The federal government, in what it acknowledged was an effort to allay public fears in the wake of a rash of Amtrak train accidents that killed 13 people this summer, took the media for a ride yesterday on one of its computerized "rail geometry" inspection cars.

Over the next four months, the three specially designed cars equipped with sensors that record roadbed and track imperfections will ride the 24,000 miles on which Amtrak trains travel. One car departed westward from Washington yesterday for Cincinnati by way of Clifton Forge, Va., while two others headed north.

While the cars have been in use for years, supplementing twice-weekly visual inspections, federal officials are touting their mission now as the first systematic inspection of Amtrak nationwide.

Human error and grade crossings cause most train accidents, Federal Railroad Administrator John H. Riley said yesterday during the demonstration ride from Washington to Baltimore.

Nonetheless, he said, U.S. Department of Transportation Secretary Elizabeth Dole ordered the special inspection with its media kickoff "to give the public reassurance that we have left no stone unturned" in making the rails safe to ride.

The only public relations pitfall in the demonstration trip, Riley said, is what may appear to be a greater focus on track problems, although "we really believe the [track] system is strong." However, he said, "after three [fatal] accidents [on Amtrak this summer, only one of them apparently track-related], we have an obligation to do a complete, thorough check of the system."

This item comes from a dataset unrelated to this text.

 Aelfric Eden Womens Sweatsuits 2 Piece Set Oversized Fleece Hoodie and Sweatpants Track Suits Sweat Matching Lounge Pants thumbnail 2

So, about a dozen reporters and photographers, plus half a dozen Federal Railroad Administration and Amtrak officials boarded the northbound cars at Washington's Union Station for the 37-minute morning ride to Baltimore. The train then proceeded to pick up other reporters in Wilmington, Philadelphia and New York. The train was scheduled to arrive in Springfield, Mass., where the real work was to begin, at 11:30 p.m.

At the center of the "rail geometry" car sat Greg Twitchell, a data specialist with Ensco Inc., which operates the car under contract to the government. Twitchell, 28, monitored a console and printout known as a "strip chart" that revealed any deviation along the track. There was none to speak of.

"Even the novice can tell that's a beautiful railroad," said Russ Baker, an FRA safety official seated in the rear observation area, where a duplicate printout spewed forth from another console. "You just look at the line, the curvature of the railroad."

The train stopped only once, briefly, between Washington and Baltimore, when something dragging underneath it apparently triggered an electronic alarm built into the track. The train crew walked the track and found nothing.

Riley, meanwhile, held forth in the center of the car. He said a dozen railroads now use the rail geometry cars to check their tracks. "This machine notes deviations as small as one-tenth of an inch," he said. Such minute imperfections would be unlikely to cause an accident, he said, "but this may be a check to avoid problems in advance."

According to Joe Walsh, associate federal railroad administrator for safety, 550 of 700 train accidents last year occurred at grade crossings.